I know these two women.  They moved into my head years ago and they have been arm-wrestling ever since about who is going to be in charge of my thinking.  For most of my life I’ve sided with the busy and anxious Martha.  But recently, as I’ve gotten older, Martha is really getting on my nerves.  Mary, after all, is the smart one.  Both of these characters want to serve the Lord, but they do it for different reasons.  Martha is that part of me that believes that I am not really worth much unless I do a lot of work to prove my worth.  Martha is that part of me that is always anxious, always lecturing myself and always saying to myself that I ought to be ashamed of myself for not being perfect.  Martha is that part of me that believes that if I accomplish a lot, if I can keep proving myself then maybe I can make up for my obvious deficiencies.  Martha is that side of me that believes that my worth is directly tied into what I can get done.  If you have a Martha in your head, I am sure, like me, you too are totally exhausted most of the time by your own busyness about many things.

I’ve just recently discovered Mary’s point of view.  Mary has a message for those of you who feel you “aren’t worth much” because you “can’t do much anymore.” Mary knows that she is already loved, she has already done enough and so she doesn’t have to do a thing about it except enjoy the fact that she is loved.  Mary is that side of me that wants to believe that God already loves me, no matter what, just as I am right now, whether I do anything this week or not.  Mary is that part of me that wants to believe that God loves me and I am worth something just because I am, not because I am a priest, not because I’ve earned a few degrees or because I can pastor three or more parishes at once.  Martha always leaves me anxious, but Mary leaves me encouraged and gives me mental rest and peace of mind.  Martha is always trying to do something to get God to love her while Mary understands that she is already loved by God.

The monks at Gethsemani Abbey are the "Marys" of the church. Like Mary who sat in the living room listening to Jesus, they are contemplatives. They are known especially for the amount of time they pray and mediate.  The "Marthas" of the church are the ones who are always obsessing about doing things. They are the ones driven to ask the monks what they do besides pray and meditate. They are always relieved to hear that they "produce fruitcakes and fudge." Underneath  their prejudice  is a belief that anything beyond work is a waste of time! 

I read a story several years ago about how many widows there are in Florida! It seems their many of their husbands died of heart attacks trying to "get ahead" so they could kick back and live it up someday!  Sadly, they worked themselves into an early grave!  

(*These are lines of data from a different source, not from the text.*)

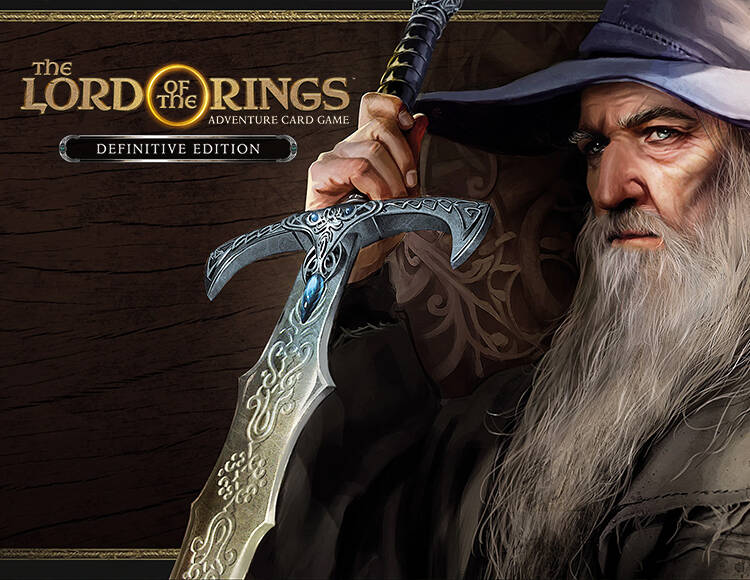 

The Lord of the Rings: Adventure Card Game - Definitive Edition (PC)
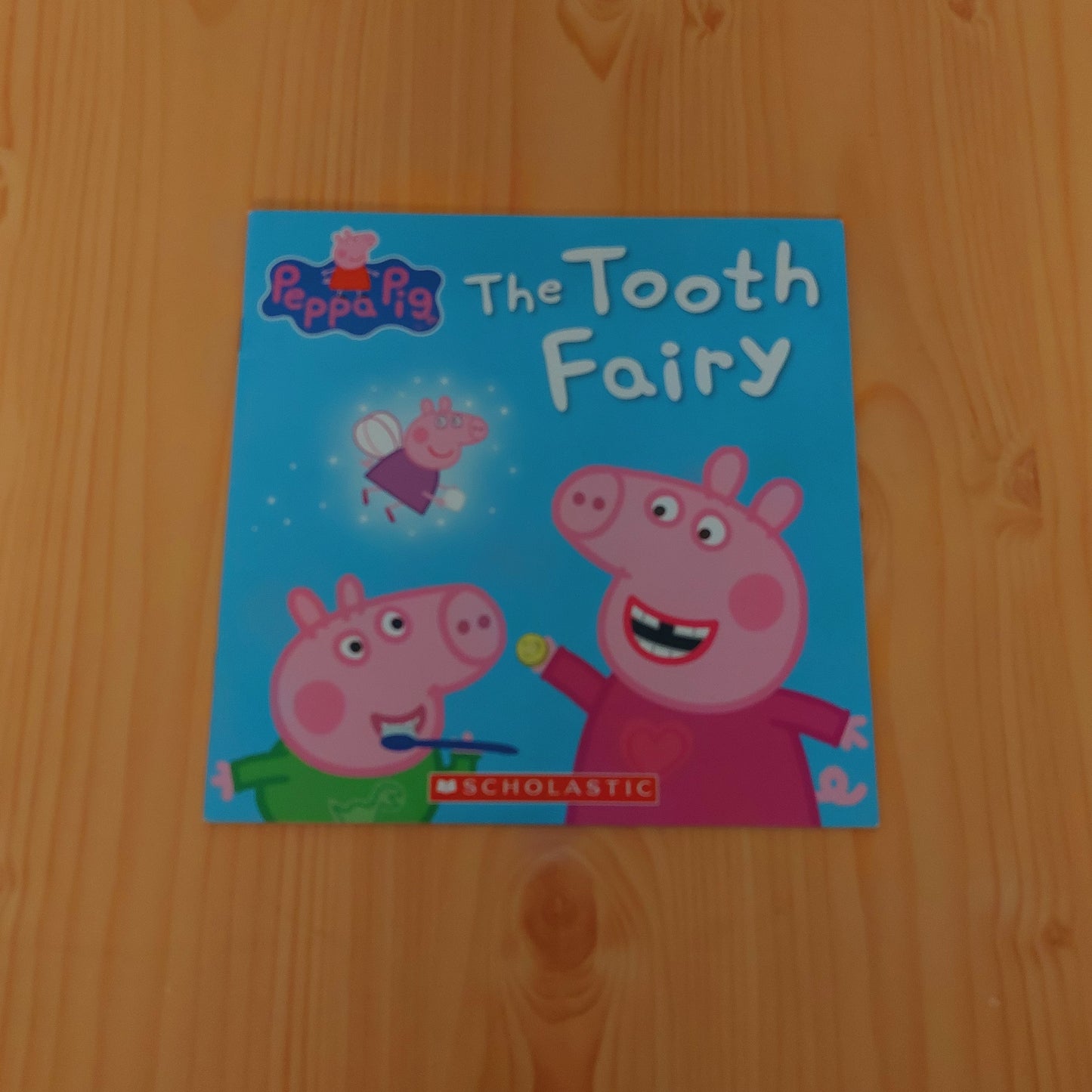 Peppa Pig: The Tooth Fairy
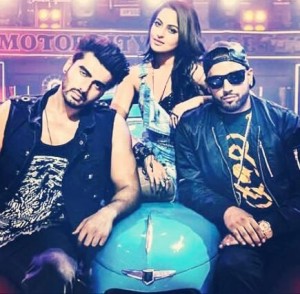 Lets Celebrate Song Video of movie Tevar is Released Out
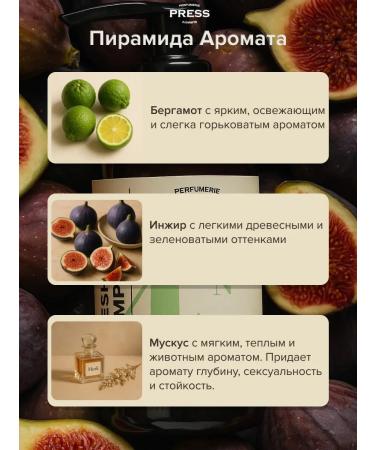 PRESS GURWITZ PERFUMERIE Hair shampoo refreshing No. 4 - Buy Online on GoSupps.com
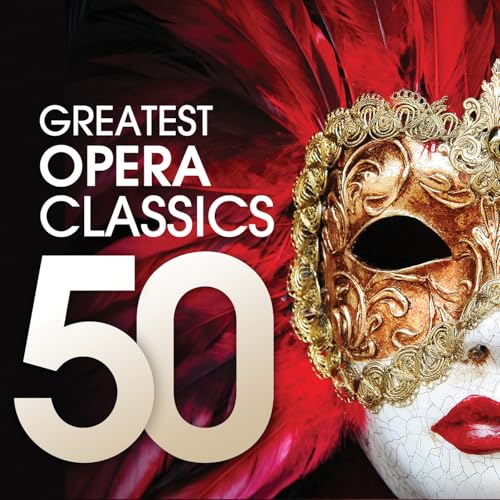 50 Greatest Opera Classics by VARIOUS ARTISTS on Amazon Music - Amazon ...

Many of us go through life with that same work-work-work prejudice. Many of us grew up believing that God’s love is conditional - it's based on how much we do for God! We grew up believing that God loves us when we are good, quits loving us when we are bad and starts loving us again when we shape up. Like Martha, we grew up believing we needed to prove our worth to God by doing good deeds! That is actually very poor theology.  Mary teaches us today that God’s love for humankind does not have to be earned.  True, as we learned in the Good Samaritan story, God calls us all to serious action and thoughtful behaviors as signs of our gratitude for all God has done for us,  but God never withholds love from us, no matter what we do or fail to do. That, my sisters and brothers, is why the Scriptures are called “good news.”

Let me end this homily with a humorous story about a time I was talking about this reading.

I was having Mass at the old Sacred Heart Home on Payne Street. The Carmelite Sisters had

closed their convent on Newburg Road and moved into Sacred Heart Home. All through the

homily that day, I could hear one of the nuns snickering on my right side. After Mass, she

came up to me and said, “Finally, someone understands me! My name is Sister Martha and I

spent most of my life as a cook for the Carmelite Sisters! I so appreciated your sympathy for

Martha in today’s gospel!” I laughed all the way home!